Data START
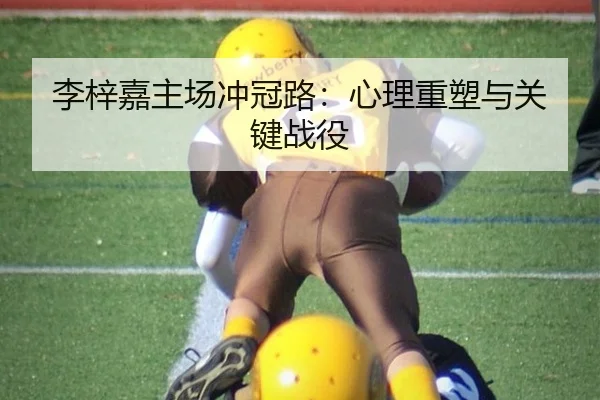 李梓嘉主场冲冠路：心理重塑与关键战役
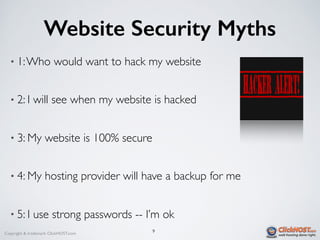 Copyright & trademark ClickHOST.com
Website Security Myths
• 1:Who would want to hack my website
• 2: I will see when my website is hacked
• 3: My website is 100% secure
• 4: My hosting provider will have a backup for me
• 5: I use strong passwords -- I’m ok
9
 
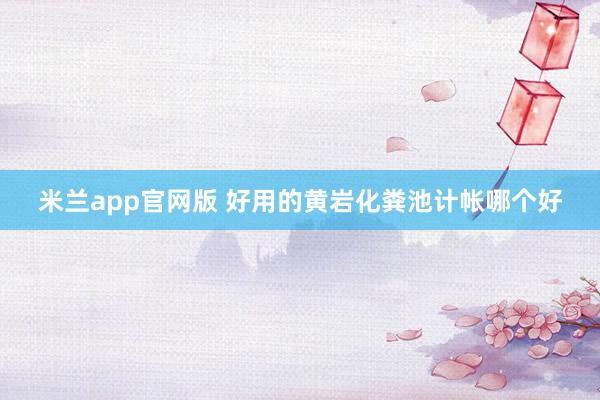 米兰app官网版 好用的黄岩化粪池计帐哪个好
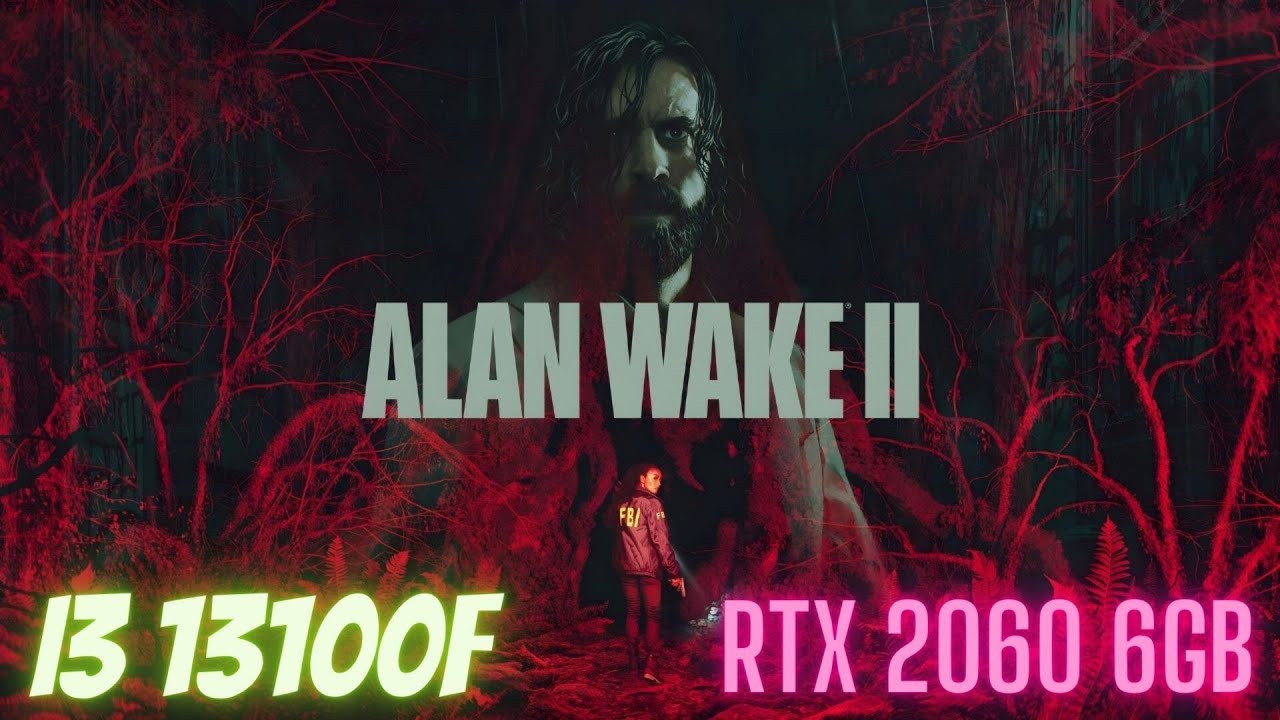 alan-wake-2-rtx-2060-6gb-i3-13100f-benchmark-youtube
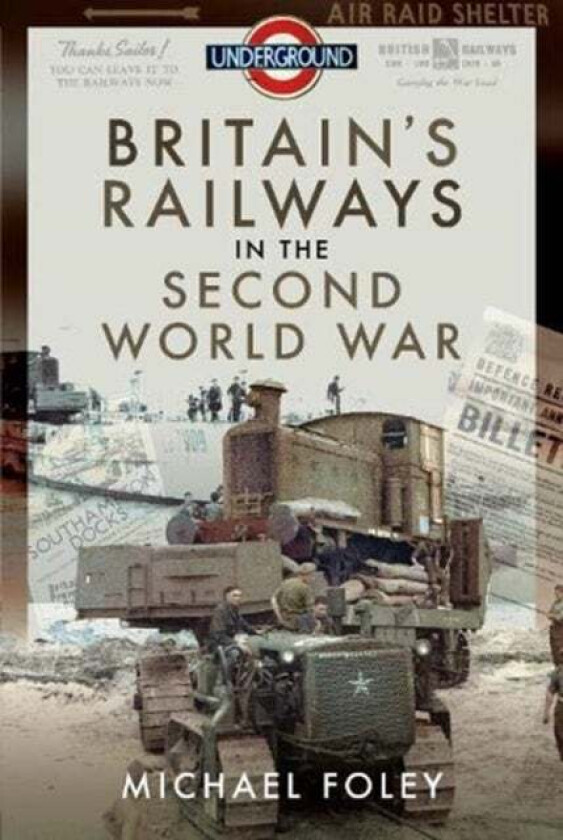 Britain's Railways in the Second World War av Michael Foley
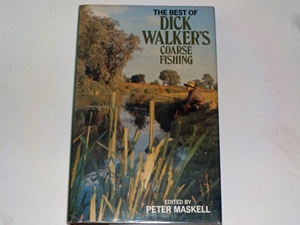 The Best of Dick Walker's Coarse Fishing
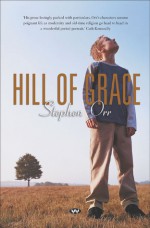 Hill of Grace - Stephen Orr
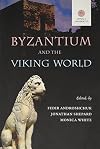 Byzantium and the Viking world
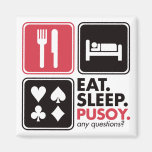 Eat Sleep Pusoy Refrigerator Magnet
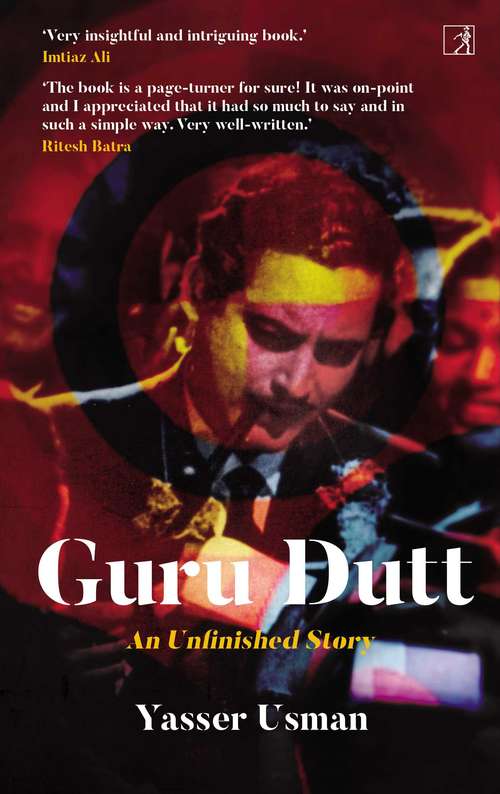 Book cover of Guru Dutt: An Unfinished Story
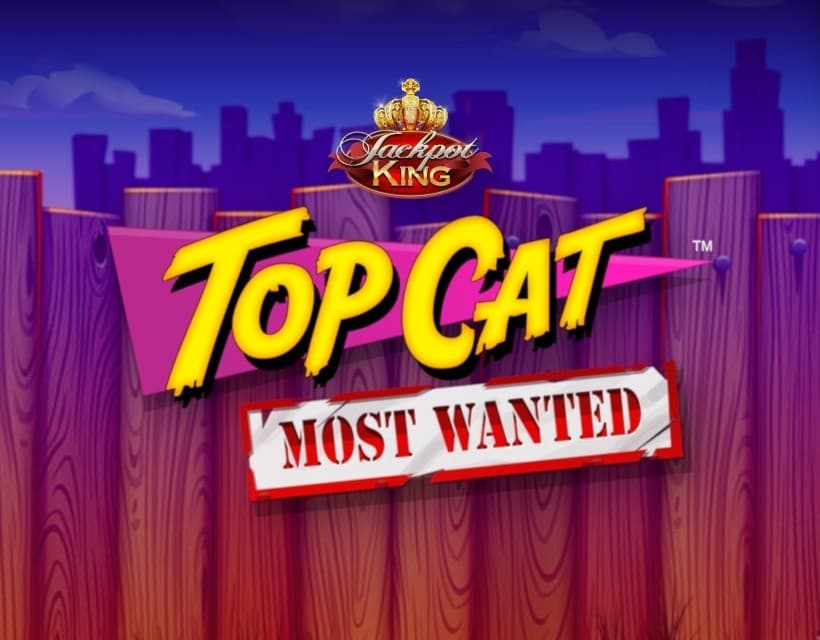 Top Cat Most Wanted Jackpot King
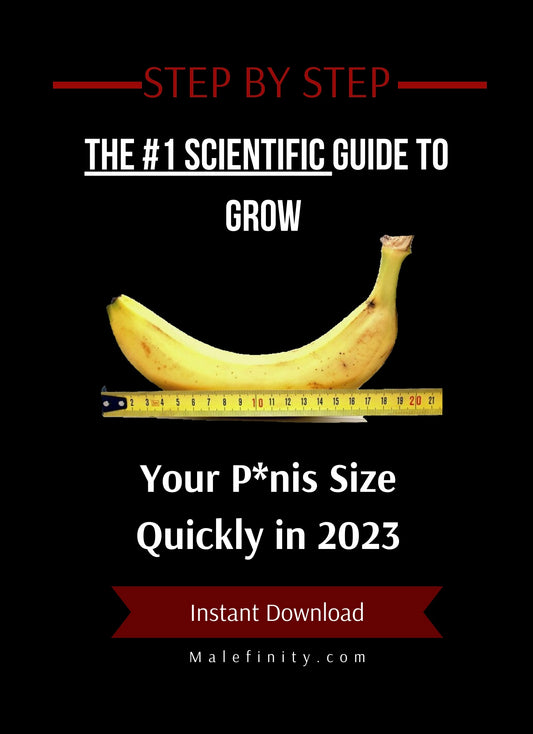 The #1 Scientific Guide to Grow Your P*nis Size Quickly in 2023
Data END
Task details » Copy exactly and only this span: the line with "is 100% secure" through the final line of the entries, both ends included, with the pictures left out.

Solved exercise »
• 3: My website is 100% secure
• 4: My hosting provider will have a backup for me
• 5: I use strong passwords -- I’m ok
9
 
 米兰app官网版 好用的黄岩化粪池计帐哪个好
 alan-wake-2-rtx-2060-6gb-i3-13100f-benchmark-youtube
 Britain's Railways in the Second World War av Michael Foley
 The Best of Dick Walker's Coarse Fishing
 Hill of Grace - Stephen Orr
 Byzantium and the Viking world
 Eat Sleep Pusoy Refrigerator Magnet
 Book cover of Guru Dutt: An Unfinished Story
 Top Cat Most Wanted Jackpot King
 The #1 Scientific Guide to Grow Your P*nis Size Quickly in 2023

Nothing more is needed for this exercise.